» **Try it**
Transcribe the listing below in full, exactly, with no images.

» **Given information**
***

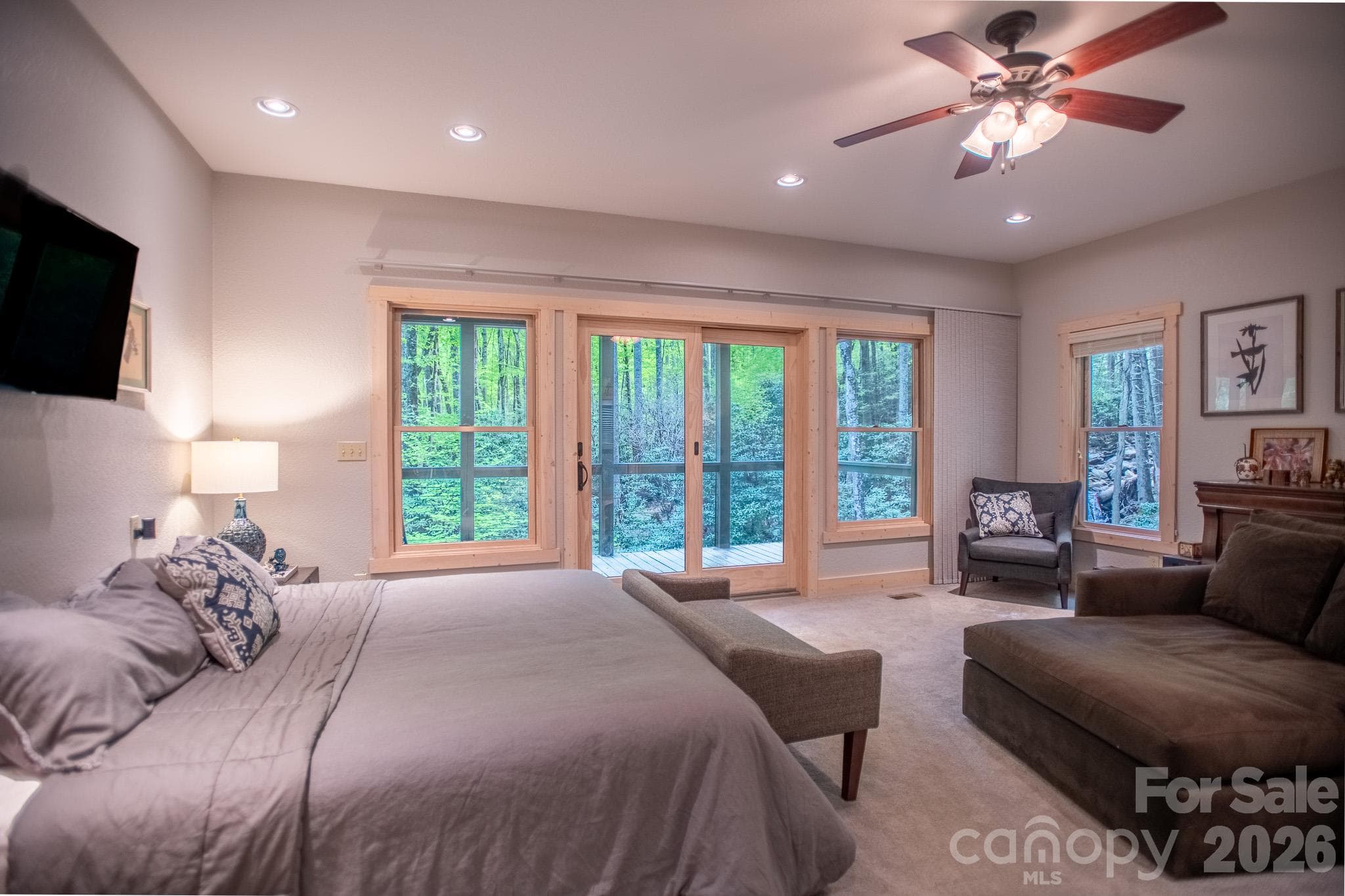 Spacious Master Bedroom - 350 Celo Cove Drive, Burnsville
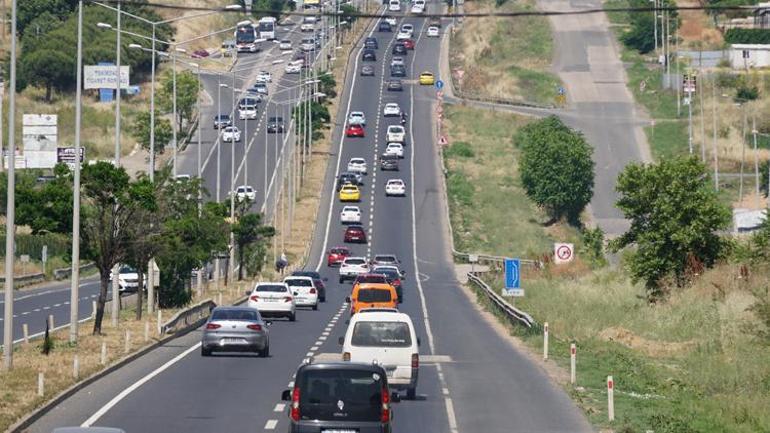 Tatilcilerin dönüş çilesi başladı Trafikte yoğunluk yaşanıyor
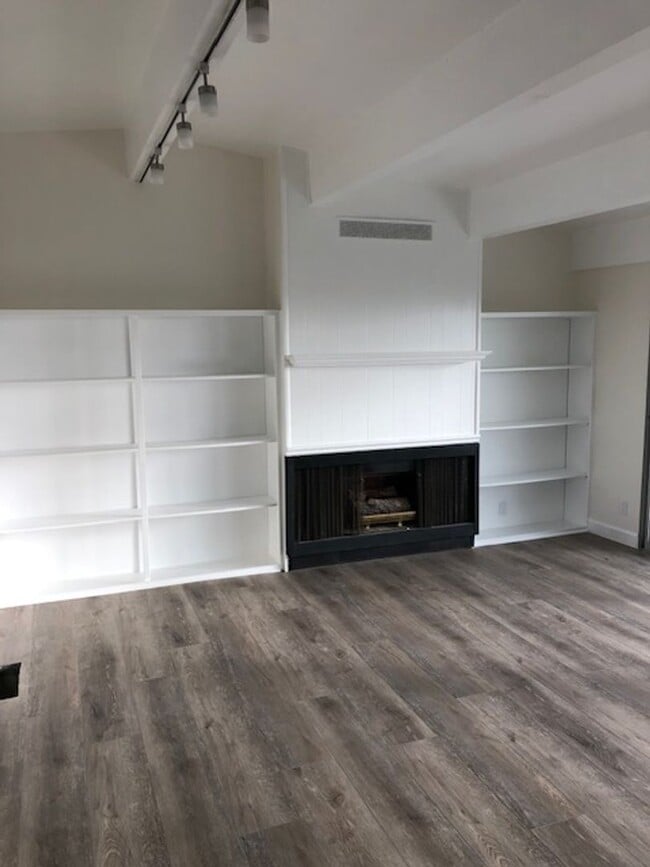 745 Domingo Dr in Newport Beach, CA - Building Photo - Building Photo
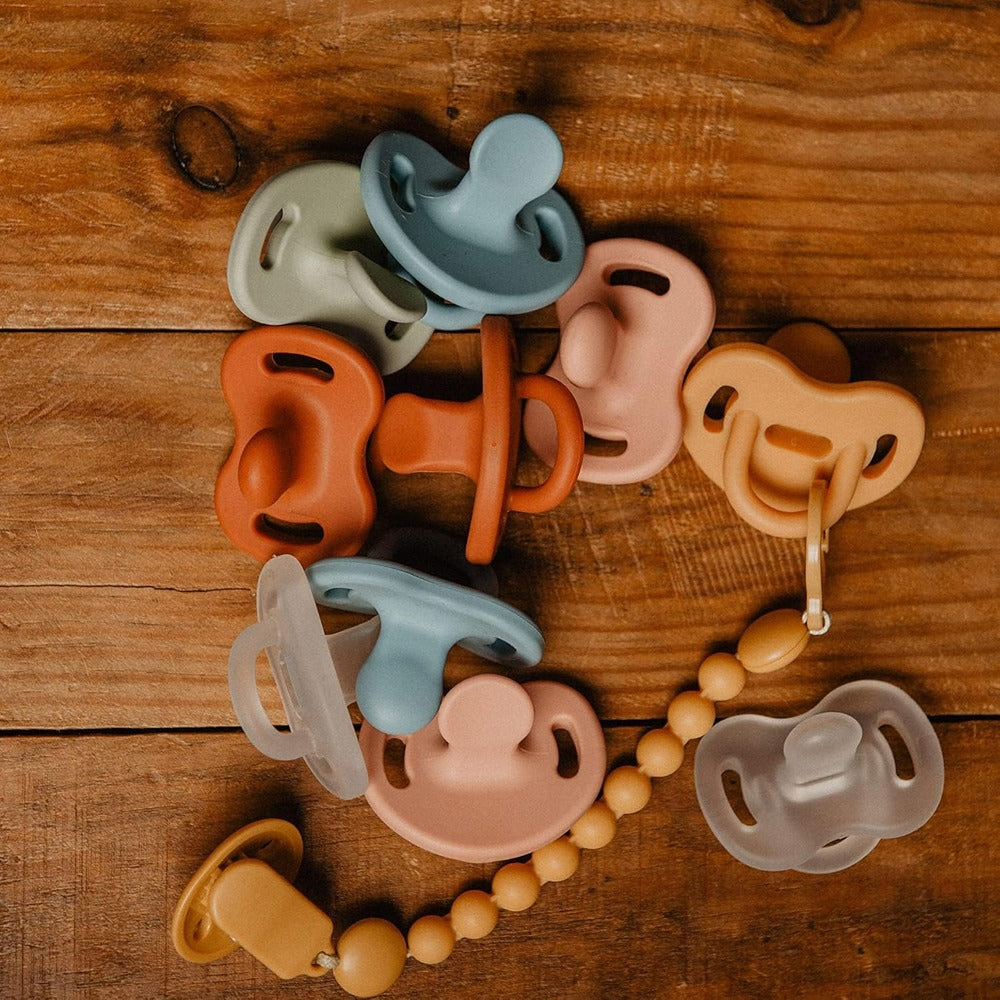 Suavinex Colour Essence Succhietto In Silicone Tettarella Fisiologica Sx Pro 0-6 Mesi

***

» **Task answer**
 Spacious Master Bedroom - 350 Celo Cove Drive, Burnsville
 Tatilcilerin dönüş çilesi başladı Trafikte yoğunluk yaşanıyor
 745 Domingo Dr in Newport Beach, CA - Building Photo - Building Photo
 Suavinex Colour Essence Succhietto In Silicone Tettarella Fisiologica Sx Pro 0-6 Mesi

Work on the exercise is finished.